The wc tool counts characters, words and lines in text files or stdin. When invoked without any options, it will print all three values. These options are supported:

  • -c - Only count characters
  • -w - Only count words
  • -l - Only count lines

If the tool is invoked without any file name parameters, it will use stdin.

This is a somewhat more complex implementation of wc than other sample OCaml implementations on the web. This added complexity stems from two things:

  1. Adding command line options;
  2. Avoiding loading an entire file into memory to count it (and instead reading the file line-by-line).

Contents

[edit] Counting and printing

The core of wc's functionality is to count various quantities, and print the results to the screen. This task is accomplished by the wc function, with the help of several supporting functions:

<<counting and printing>>=
getCount

countFile

printCountLine

countAndPrintFile

wc

The wc function takes a group of option settings and a list of filenames, and for each file in the list prints the count totals specified by the options.

<<wc>>=
let wc opts = function

If the file list is empty, or contains only a "-", the input is assumed to arrive via stdin. We therefore simply get the count totals for the stdin handle, and print that count.

<<wc>>=
    []
  | ["-"] -> printCountLine opts (getCount stdin ("",0,0,0))

If the file list contains only a single filename, we simply open and count that file, and print the resulting count totals. The situation when the file list has multiple elements is a little more complex. In this case, we need to both find and print the count for each file in the list, and accumulate a total count for all of the files. This is accomplished by folding the function countAndPrintFile across the file list.

<<wc>>=
  | [file] -> printCountLine opts (countFile file)
  | files ->
      let totalcount = List.fold_left (countAndPrintFile opts) ("total",0,0,0) files in
        printCountLine opts totalcount

[edit] countAndPrintFile

At each step of the fold operation countAndPrintFile takes a current total count and a filename, prints the results of counting the file, and returns a new total count (which serves as an input to the next step of the fold).

<<countAndPrintFile>>=
let countAndPrintFile opts (tf,tls,tws,tcs) file =
  let (f,ls,ws,cs) as count = countFile file in
    printCountLine opts count;
    (tf, tls+ls, tws+ws, tcs+cs)

The type of the second argument to countAndPrintFile is a tuple consisting of a filename, and three integers representing the current line, word, and character counts for the corresponding file.

[edit] countFile

The countFile function takes a filename as its argument, and returns the line, word, and character counts for that file. The actual counting operation is handled by getCount, while countFile handles opening and closing the file to be counted.

<<countFile>>=
let countFile file =
  let hdl = open_in file in
  let count = getCount hdl (file,0,0,0) in
    close_in hdl;
    count

[edit] getCount

The getCount function is the workhorse of the counting operation. At each iteration, it tries to read a line from the open input channel hdl. If the attempted read shows that the end-of-file has been reached, getCount returns the total number of lines, words, and characters in the file. If a line was successfully read, the line count is incremented by 1, and the word and characters counts are respectively increased by the numbers of words and characters in the line. The character count is further incremented by 1, to account for the fact that input_line strips the newline character off of any line it returns.
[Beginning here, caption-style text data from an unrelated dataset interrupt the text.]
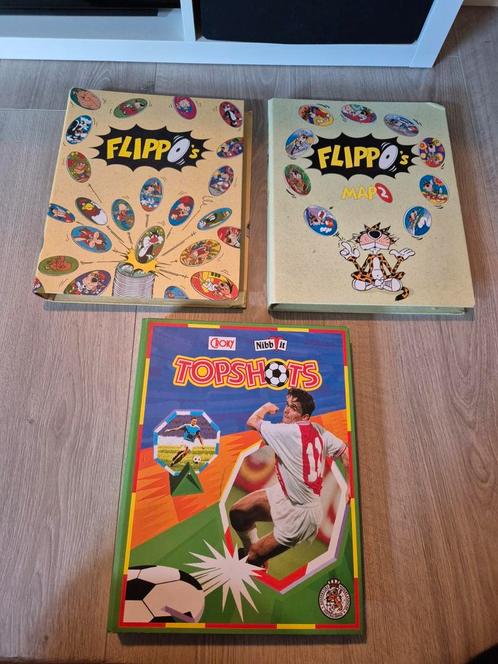 Flippo Map 1, Flippo Map 2, Topshots - Compleet, Verzamelen, Flippo's, Verzameling, Met verzamelmap(pen), Ophalen of Verzenden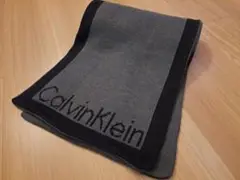 美品　カルバンクラインCALVIN KLEIN　メンズマフラーリバーシブル　現状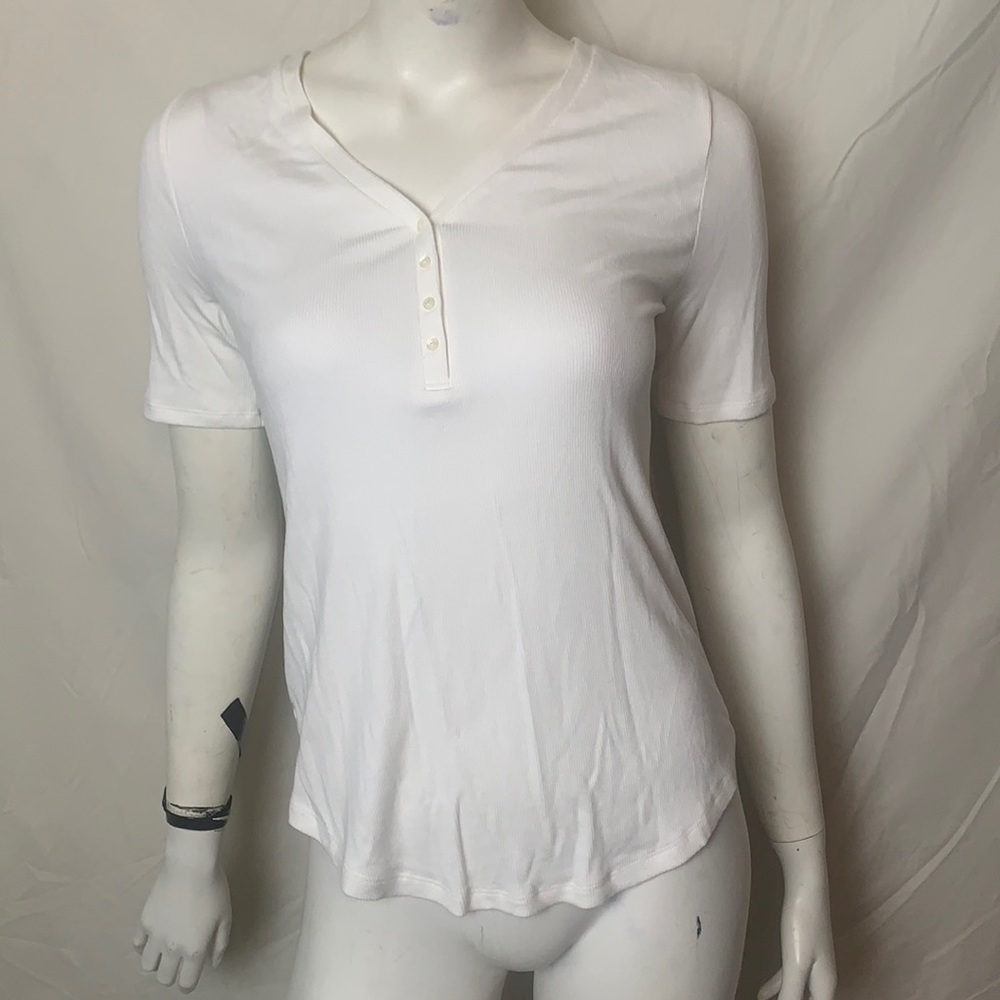 Loft | Women’s Button Tee Size M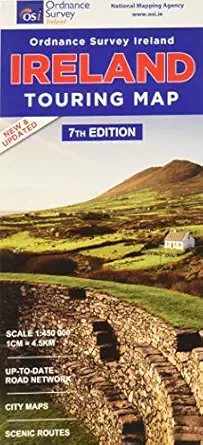 ireland touring map 1st edition ordnance survey ireland 1908852895, 978-1908852892
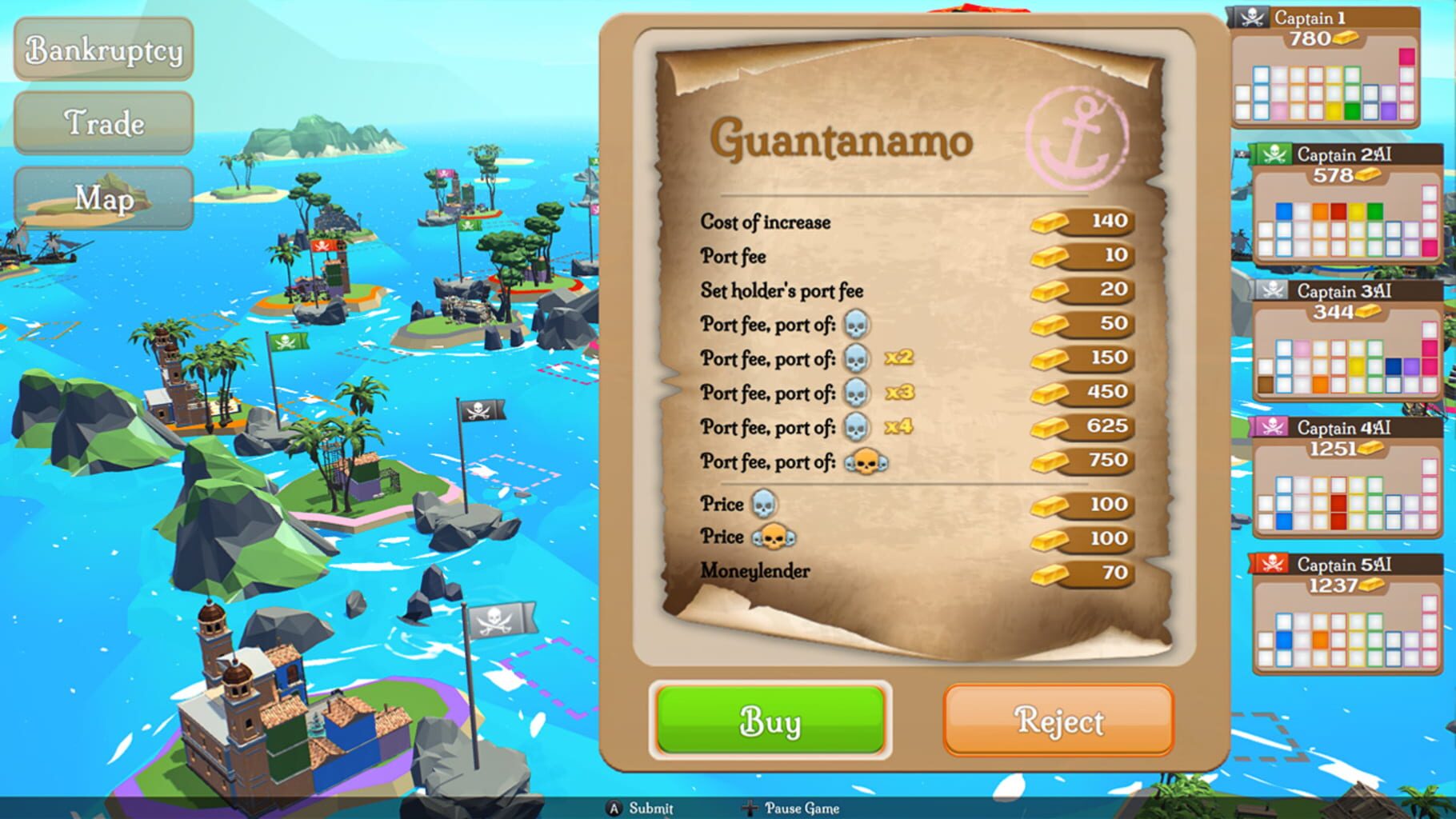 Piratepoly Gold: Caribbean Treasure screenshot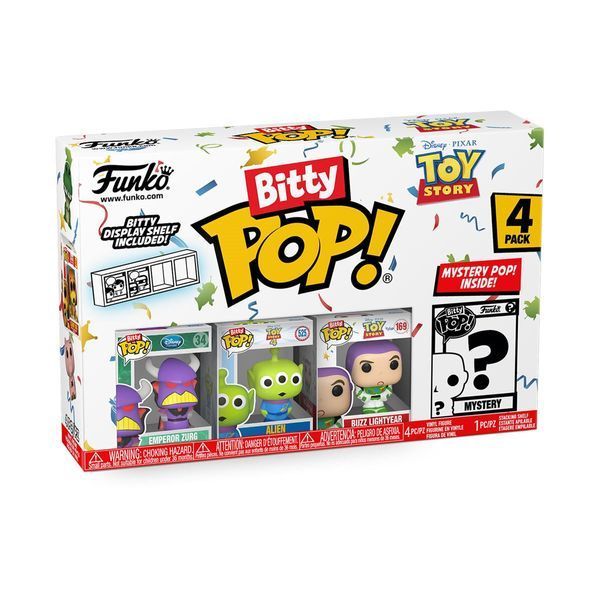 Funko Фигурка Funko POP (Bitty): Toy Story - Zurg 4pk 889698730433 фото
We include a utility function words to split a string into words.

<<getCount>>=
let words =
  Str.split (Str.regexp "[ \t\n]+")

let rec getCount hdl (f,ls,ws,cs) =
  try
    let line = input_line hdl in
    let ls = ls + 1
    and ws = ws + List.length (words line)
    and cs = cs + String.length line + 1 in
      getCount hdl (f,ls,ws,cs)
  with End_of_file ->
    (f,ls,ws,cs)

[edit] printCountLine

The printCountLine function prints out the line, word, and character counts for the file f, in accordance with the option settings.

<<printCountLine>>=
let printCountLine opts (f,ls,ws,cs) =
  if opts.showLines then Printf.printf "\t%d" ls;
  if opts.showWords then Printf.printf "\t%d" ws;
  if opts.showChars then Printf.printf "\t%d" cs;
  Printf.printf "\t%s\n" f

[edit] Option handling

The handling of command line options makes use of the Arg module.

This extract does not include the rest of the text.